NODE guest researcher Helle Sjøvaag and Raul Ferrer, PhD Candidate affiliated with NODE, participated in a Dagstuhl-seminar on “Analysis, Interpretation and Benefit of User-Generated Data: Computer Science meets Communication Studies” , in April. Sjøvaag was co-organizer of the seminar together with Professors Thorsten Quandt and Gottfried Vossen from the University of Münster and Gera Shegalov from Twitter.
Dagstuhl is an established meeting place for informatics scholars and computer scientists. The venue is an old castle that features a crypt as well as its very own ghost. It is located in the south of Germany close to the French border.
Around 20 computer and communication scientists from Europe and the U.S. met for a week to discuss methodological benefits of cross-disciplinary cooperation on research into news and journalism. Media and journalism’s digital production, dissemination and reception mode puts new challenges on researchers to collect, analyse and interpret data in new digital formats. The tools by which we harness online forms of journalism, for instance, require new skillsets that can enable scholars to not only get unprecedented amounts of data for analysis – the digital reality of journalism also poses epistemological and ontological questions about the objects we study. Sjøvaag and NODE researcher Michael Karlsson have recently published on this very topic in a special issue of Digital Journalism they edited togehter, published in January 2016.
One of the major outputs of the Dagstuhl seminar was new insight into how to research data journalism. Data journalism involves using social science methods, databases, ‘big data’ and digital tools to do journalism. Data journalism is primarily practiced in big newsrooms with the resources to allocate staff to data journalism processes. Often, data journalism involves design, data science, statistics as well as traditional journalistic methods to tell data journalism stories. Data used for data journalism typically involves government data, open data, and leaks. As this data frequently comes in unmanageable forms, data journalism requires scraping and visual analytics, and often needs teamwork. Hence, scholars need new methods and perspectives to analyse these novel forms of journalism.
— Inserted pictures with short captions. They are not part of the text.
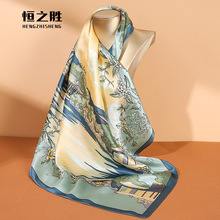 Silk scarves, new and versatile mulberry silk scarves, wholesale 70 square scarves, decorative scarves, summer souvenirs pic 1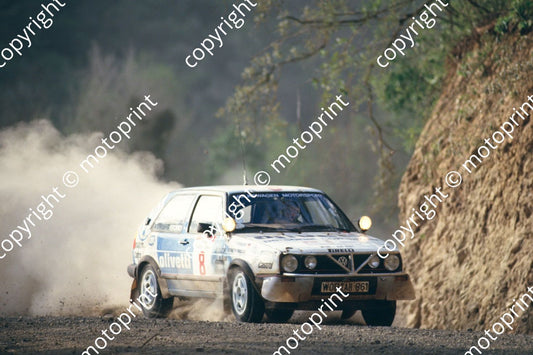 1987 Safari 8 Kenneth Eriksson, Peter Diekmann Golf GTi (courtesy Roger Swan) (222)
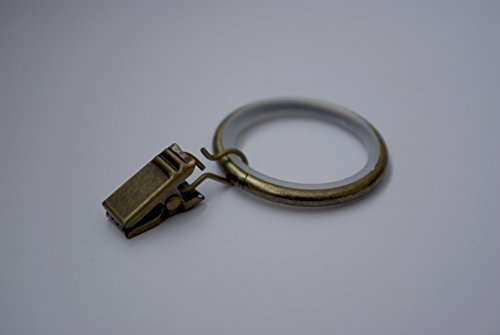 Clips silencieux pour Rideaux - Doré Antique Ø40mm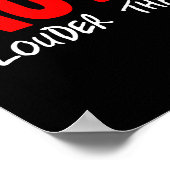 Acties luider spreken poster (Hoek)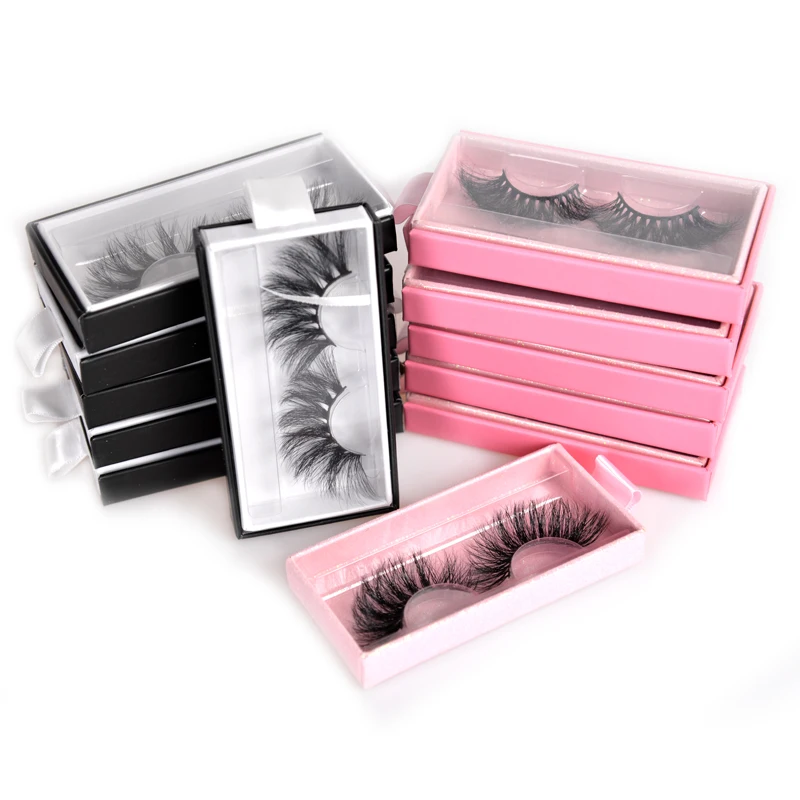 

Private label lash box false 25mm dramatic 3d 100% real mink eyelashes wholesale custom eyelash packaging box, Natural black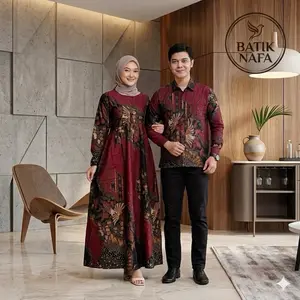 copel gamis GAMIS BATIK SRIWEDARI MAXI BUMIL/BUSUI POLY TEXTIL SOGAN ALLSIZE & JUMBO kemeja dan Gamis Bunga Katun Dress Wanita Couple Sarimbit Panjang Keluarga #batik Nafa Baju Pasangan baju gamis kapel suami istri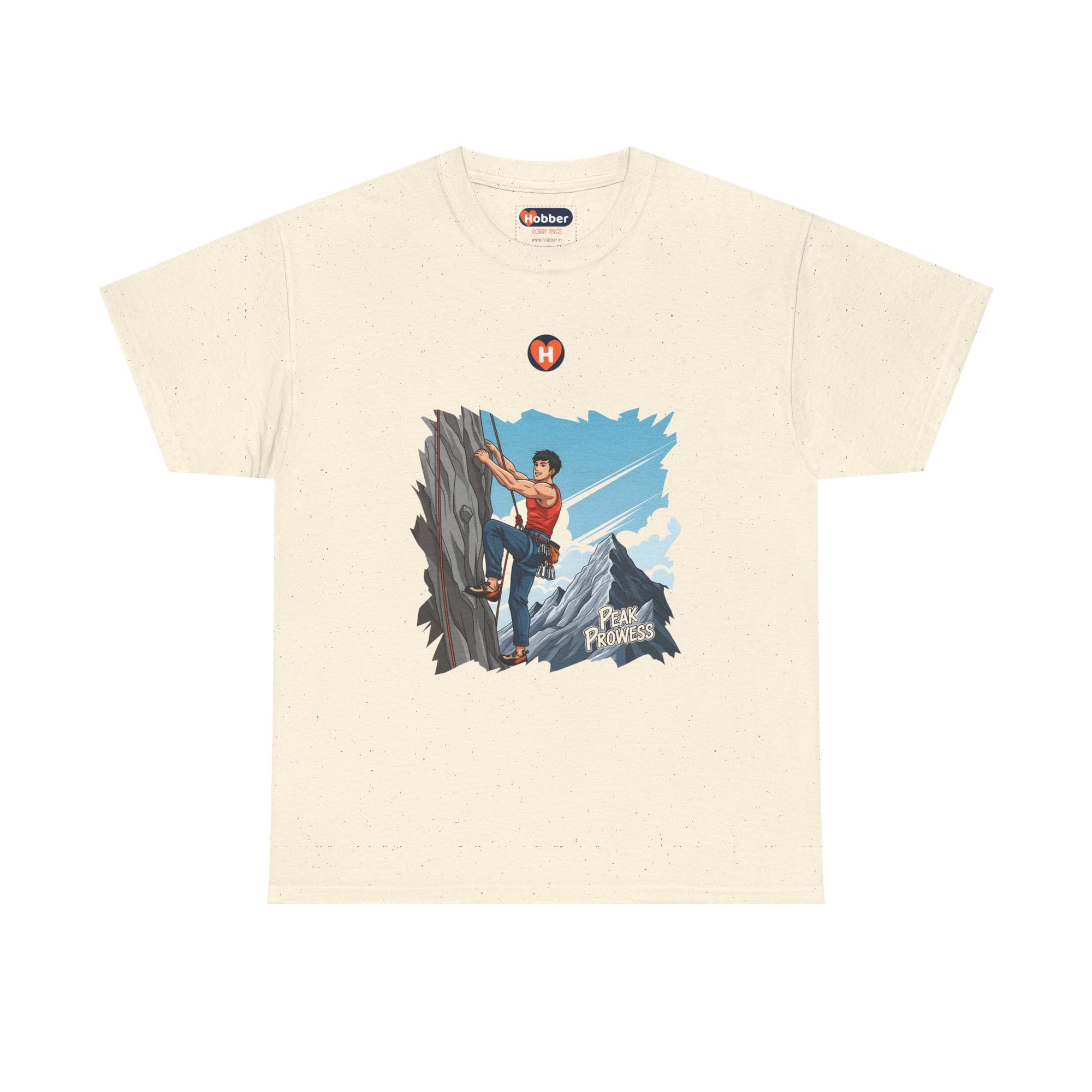 Hobber Mens Sports & Adventure T-Shirt, #43 Climbing (Rock)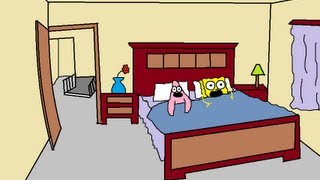 Spongebob in PARANORMAL ACTIVITY [upl. by Legra]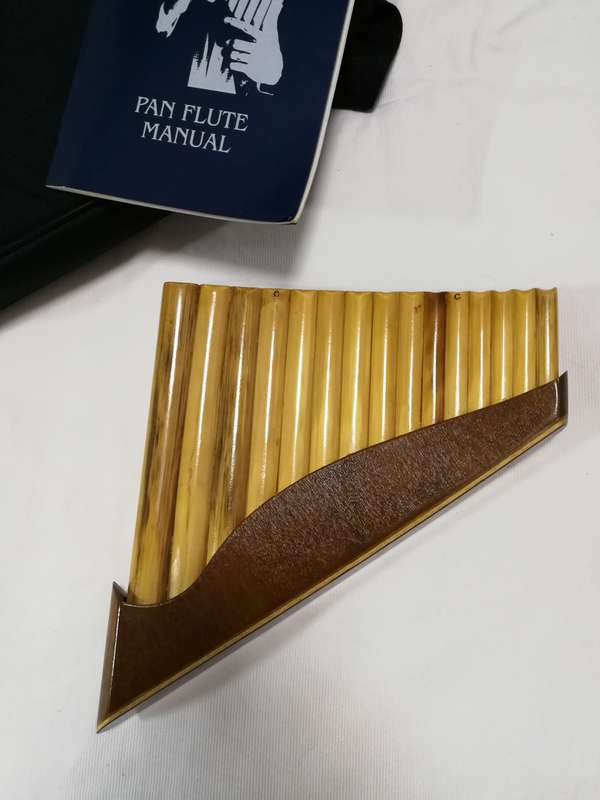 Pan Flute 18 Pipe Traditional Woodwind Instrument by Roberto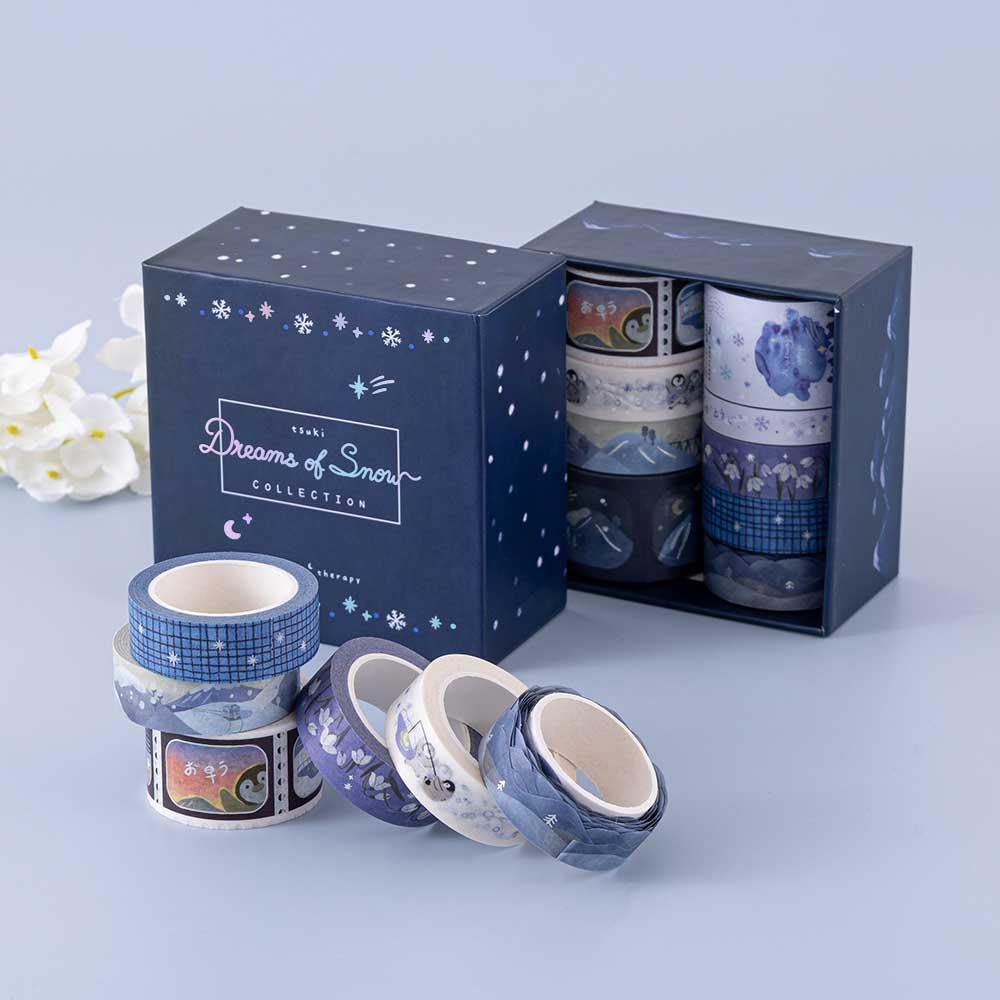 Tsuki ‘Dreams of Snow’ Holographic Washi Tape Set ☾ - Image 13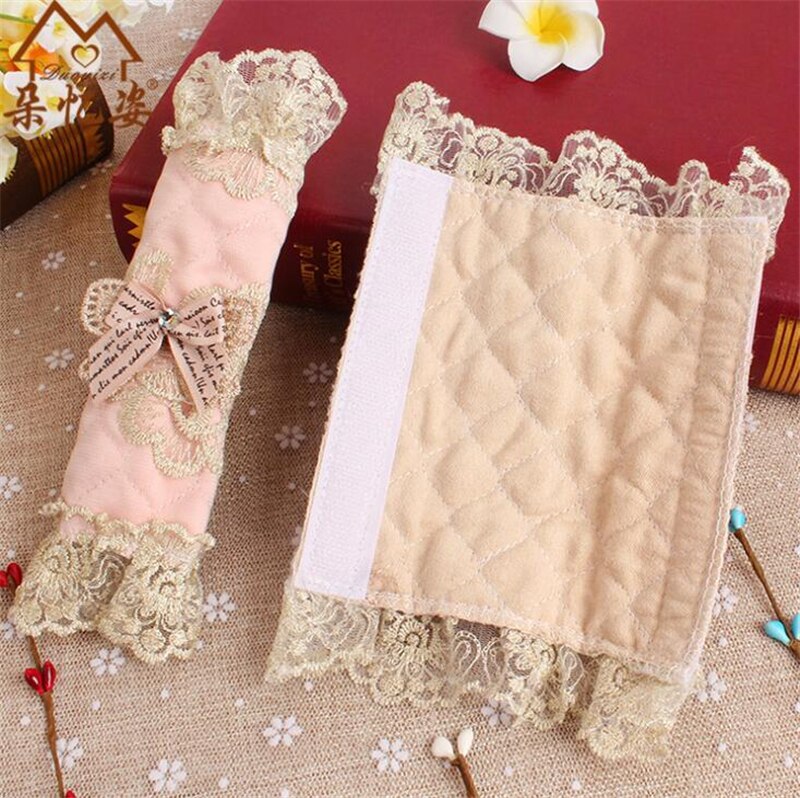 Cubierta de manija de encaje, cubierta de perilla de puerta, guantes de algodón para refrigerador, accesorios de herramientas para el hogar, cubierta de manija de puerta de nevera de doble puerta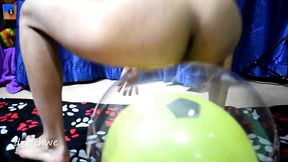 resting balloons with the ass and feet
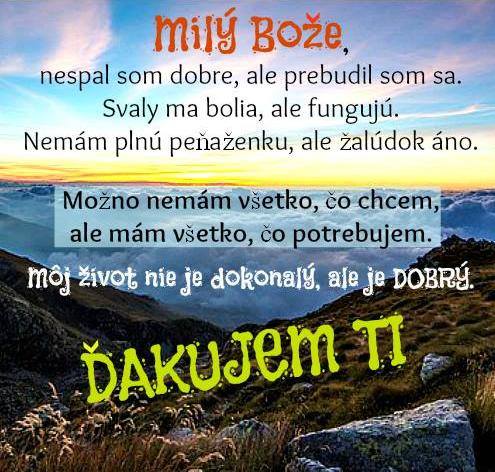 Obrázek dakujme bohu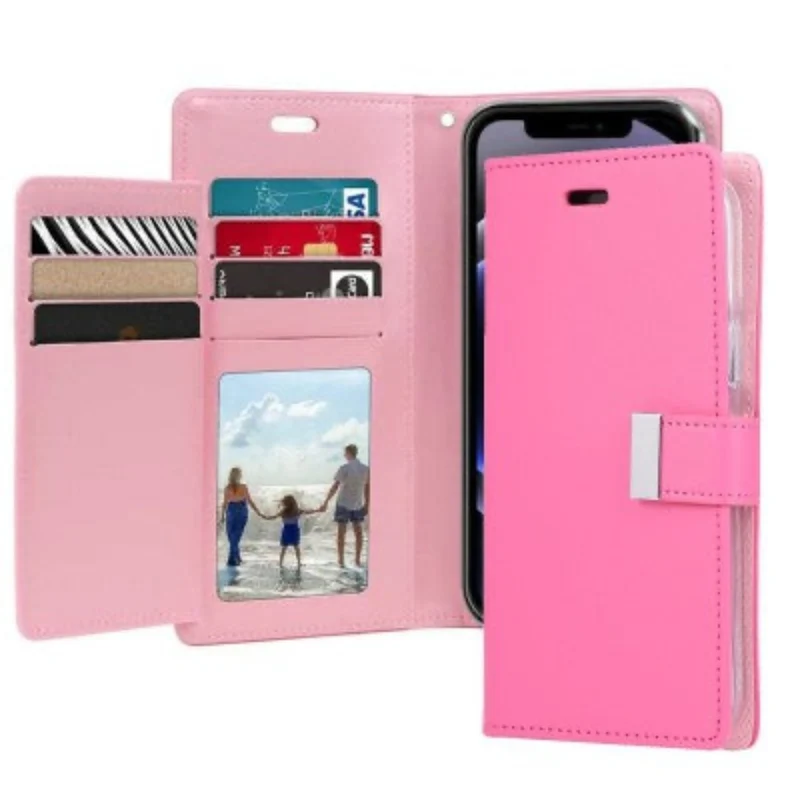 Goospery Rich Diary for iPhone 17 - Hot Pink, Magsafe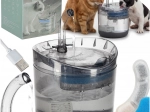 Automatisk vandfontæne til hunde og katte 1,8 l med filter og USB-pumpe
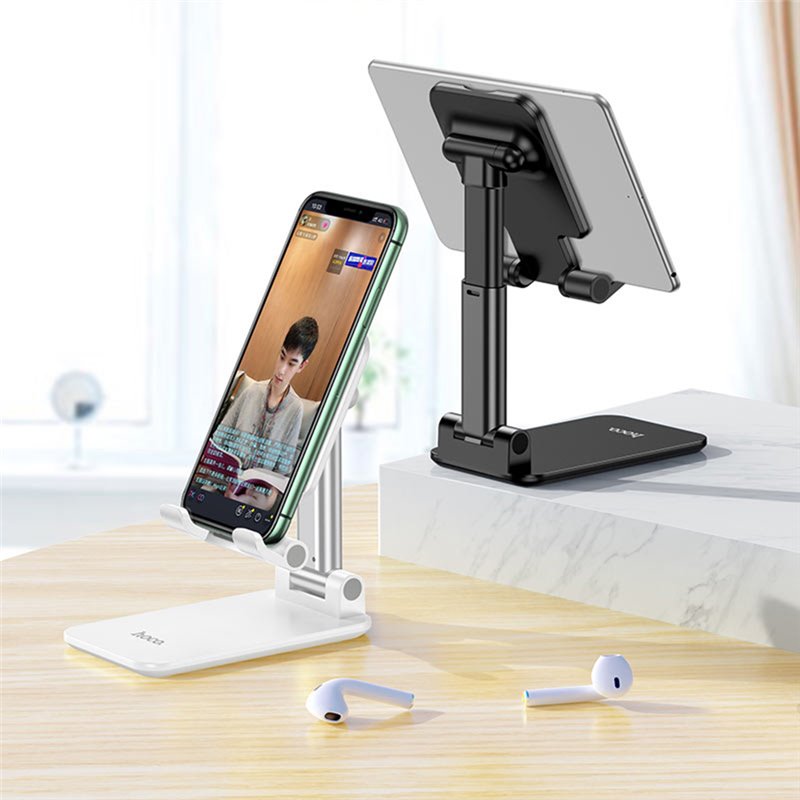 Hoco - Desk Holder Carry (PH29A) - Pliable, pour Téléphone, Tablette, 4.7 - 10.0" - Noir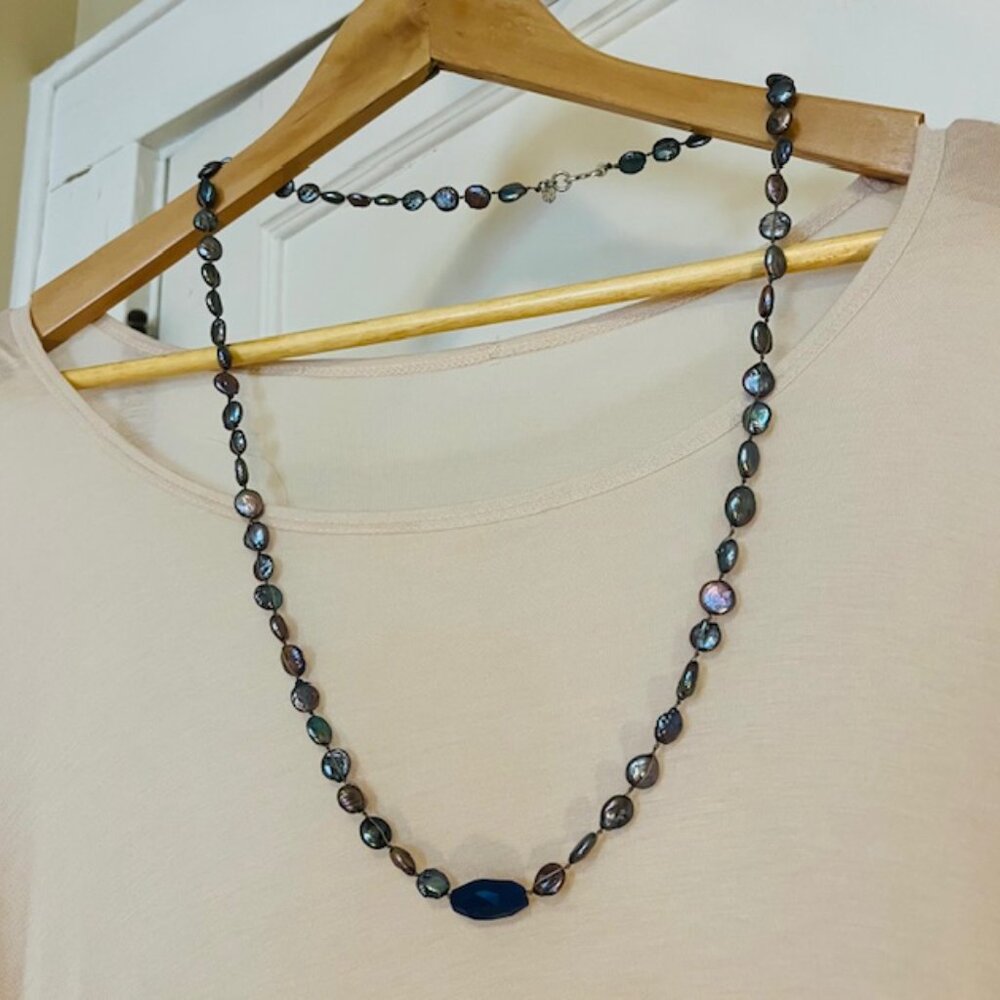 Lucky Brand Peacock Pearl Necklace – new in bag - Picture 3 of 5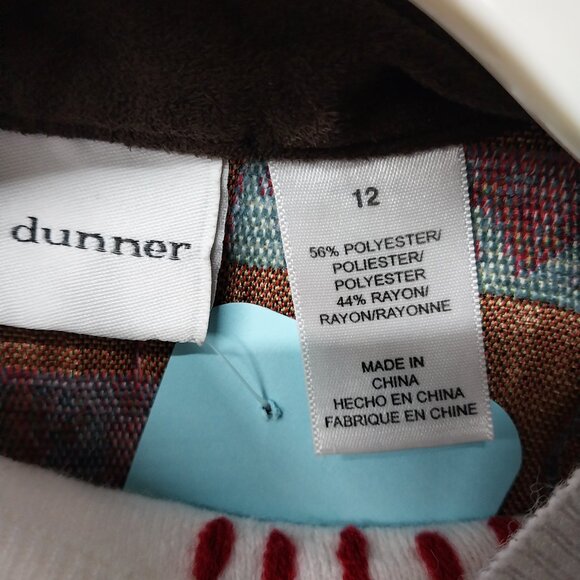 3734 Size Large Alfred Dunner Upcycled Zip up Vest with Denim Applique. - Picture 6 of 6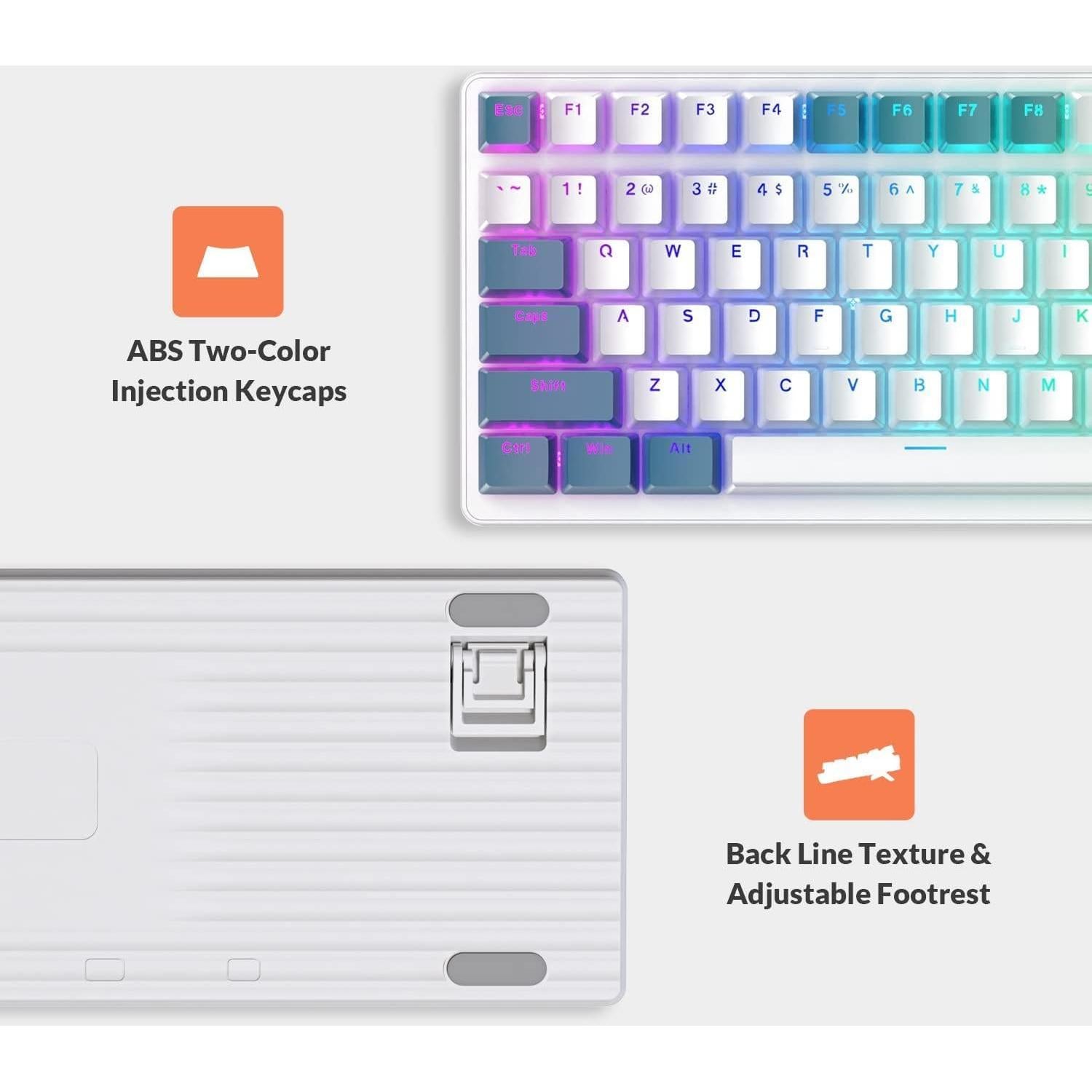 Teclado Mecánico Gaming AJAZZ K3 RGB 98 Teclas Anti-Conflito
As most data journalism projects are ad-hoc projects, few reproducible workflows exist to guide the work process. Contingency in data storage and scalable workflow models are other problems. For journalists, the main challenge is how to turn unstructured documents into structured documents. For researchers, the challenge is to look beyond the text as object of study. Data journalism is more than text – in fact it often involves very little text. The nature of data journalism thus challenges the way we look at societal communication. To study data journalism, we need a mixture of social science and computer science approaches. This is not only because the nature of the content is different from traditional journalism formats. As data journalism is largely about application development, the empirical focus requires both practice (workflow) and ‘text’ (data).
What we take from the Dagstuhl seminar is insight into the benefits of research collaboration between communication scholars and computer scientists. Data journalism is an emerging area of incquriy in journalism studies, to which the Ander-funded reseach project “Algorithms and Media Organizations”, provides a clear contribution.